PROBLEM: Make an exact transcript of the lines in the data below, starting with the one containing "Escritorio estilo vintage" and going on through the one containing "Wrap Chain Earrings", with both included and the pictures left out.

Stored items
------------------------------

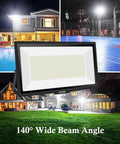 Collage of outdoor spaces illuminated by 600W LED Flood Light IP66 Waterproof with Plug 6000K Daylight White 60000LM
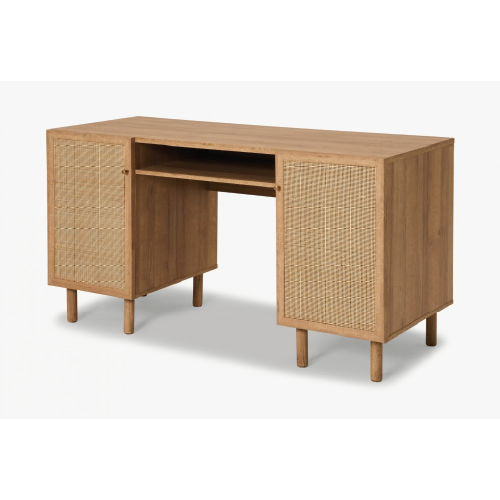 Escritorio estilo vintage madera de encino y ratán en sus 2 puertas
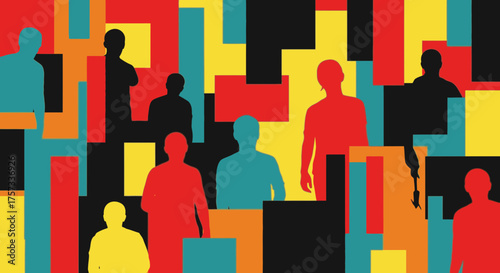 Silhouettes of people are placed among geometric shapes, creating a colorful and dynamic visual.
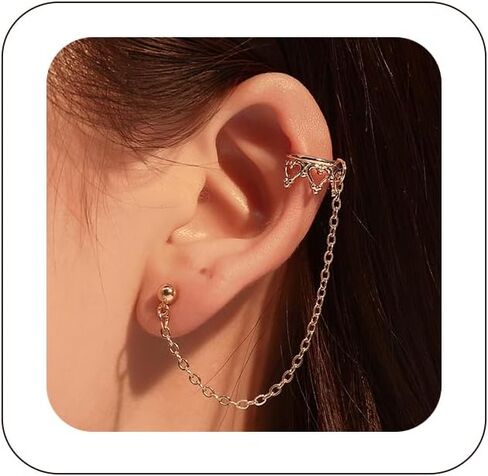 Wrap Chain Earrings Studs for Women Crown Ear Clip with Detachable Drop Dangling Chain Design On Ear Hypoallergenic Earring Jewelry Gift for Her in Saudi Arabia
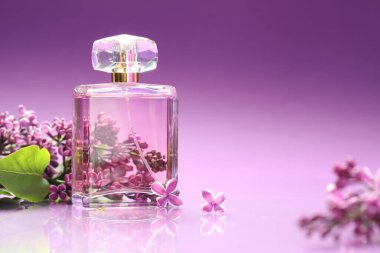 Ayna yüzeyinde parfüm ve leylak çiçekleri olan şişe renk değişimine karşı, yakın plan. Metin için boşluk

------------------------------

ANSWER FOR THIS EXERCISE:
 Escritorio estilo vintage madera de encino y ratán en sus 2 puertas
 Silhouettes of people are placed among geometric shapes, creating a colorful and dynamic visual.
 Wrap Chain Earrings Studs for Women Crown Ear Clip with Detachable Drop Dangling Chain Design On Ear Hypoallergenic Earring Jewelry Gift for Her in Saudi Arabia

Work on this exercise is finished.